Introducing Senator Canute
Image source: Sydney Morning Herald
Some time ago, I blogged about the plight of low-lying Pacific islands like Tuvalu and the ultimate economic cost of global warming; namely, an economy disappearing off the face of the earth. Astonishingly, it was reported in the The Australian yesterday that this is really no big deal, at least not according to Australian Federal Government which claims their is no “imminent danger”. Senator ‘King Canute’ Campbell has declared it “absurd” to suggest that Australia should accept environmental refugees, while a spokesman for the Minister for Foreign Affairs, Alexander Downer, stated that sea level rise was a “long-term issue and it is too early to provide an accurate assessment of regional trends”. The sad truth of the matter is that while Kyoto Protocol signatory New Zealand has already agreed to accept any displaced people, Australia has now knocked back two requests from the Tuvalu Government to take in those displaced by rising sea levels.

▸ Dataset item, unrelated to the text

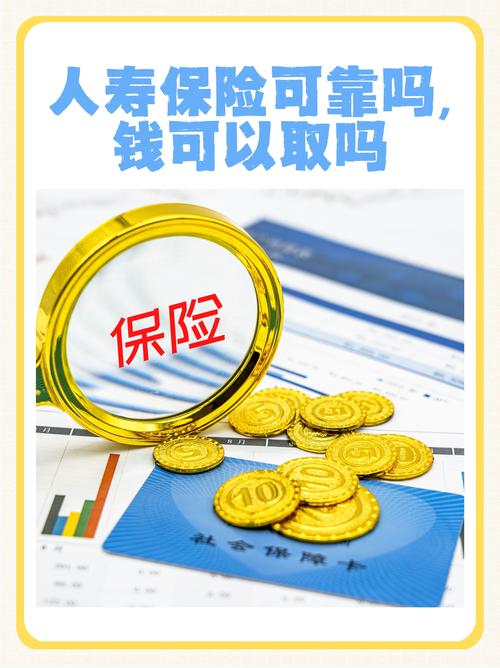 寿险的追诉期是多久?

The likes of Senator Campbell may prefer to put this on the ‘back burner’, but it is a very real here-and-now problem. Late last year a UN study revealed that there could be as many as 50 million environmental refugees around the world by the end of the decade. Not all of these refugees will be a result of rising sea levels, of course, but the same study estimates that as many as 100 million people live in areas that are below sea level or liable to storm surge. As this Earthwatch Radio podcast [2 mins] points out, this is a creeping a problem that doesn’t the get the same ‘air-play’ as the problem of environmental refugees created by tsunamis and hurricanes yet, potentially, it is far more catastrophic.